WARSAW (Reuters) - Poland’s government has sent an official note to U.S. authorities seeking diplomatic assurances that an inmate at the U.S. military jail in Guantanamo Bay will not be subject to the death penalty, the Polish Foreign Ministry said on Tuesday.
The European Court of Human Rights ruled earlier this year that the Guantanamo inmate, Abd al-Rahim al-Nashiri, had been held illegally in a CIA jail on Polish soil and later transferred into U.S. jurisdiction without due process.
Nashiri is to stand trial before a military tribunal on charges of masterminding the 2000 suicide bombing of the warship USS Cole off Yemen, in which 17 U.S. sailors were killed. If found guilty, he could be sentenced to death.
In a statement sent to Reuters, the Polish Foreign Ministry said that Poland’s government “has taken steps to seek diplomatic assurances that the applicant (Nashiri) will not be subjected to the death penalty, first by engaging in diplomatic talks, and then by delivering an official note on the matter”.
The Foreign Ministry did not reply to questions from Reuters over whether there had been a response from U.S. authorities.
But it said it also planned to take additional steps to seek assurances from the U.S. authorities that neither Nashiri nor another man sent to Guantanamo after being held in Poland, Abu Zubaydah, would be exposed to a “flagrant denial of justice”.

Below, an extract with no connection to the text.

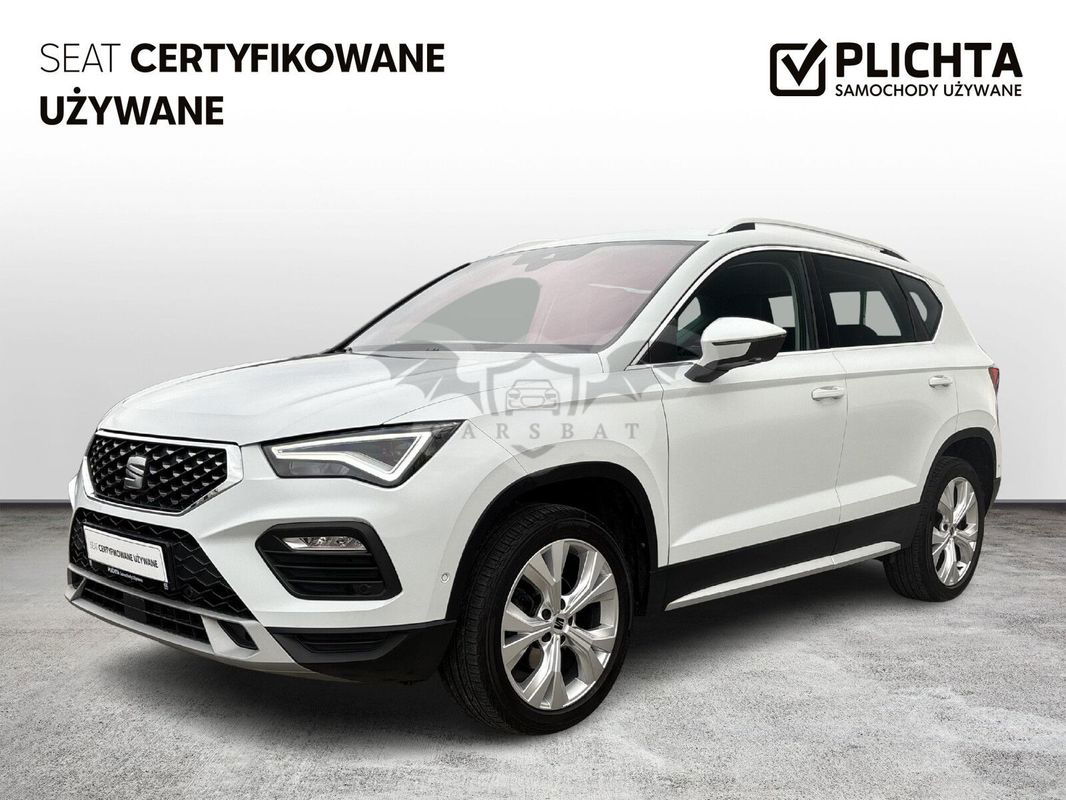 Seat Ateca 1.5 TSI Xperience S&S DSG 2022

By seeking the assurances from the United States, the Polish government was implementing one of the requirements set out in the European Court’s ruling.
A report by the U.S. Senate intelligence committee published last year described how, in the aftermath of the Sept. 11, 2001 attacks, the CIA held dozens of al Qaeda suspects in secret facilities around the world, and subjected many to torture.
To date, the only people held to account have been in Europe. The European Court of Human Rights, based in Strasbourg, ordered the Polish government to pay compensation to Nashiri and Zubaydah, and hold an investigation into how they came to be secretly detained in a villa in a Polish forest.
The United States opened the Guantanamo facility in 2002 to hold what it described as foreign terrorism suspects. The treatment of detainees there has drawn international criticism.
Lawyers for Guantanamo detainees facing trial say they believe the legal cases in Europe will undermine the U.S. prosecutions against their clients. They say the charges against them are based on testimony extracted under torture.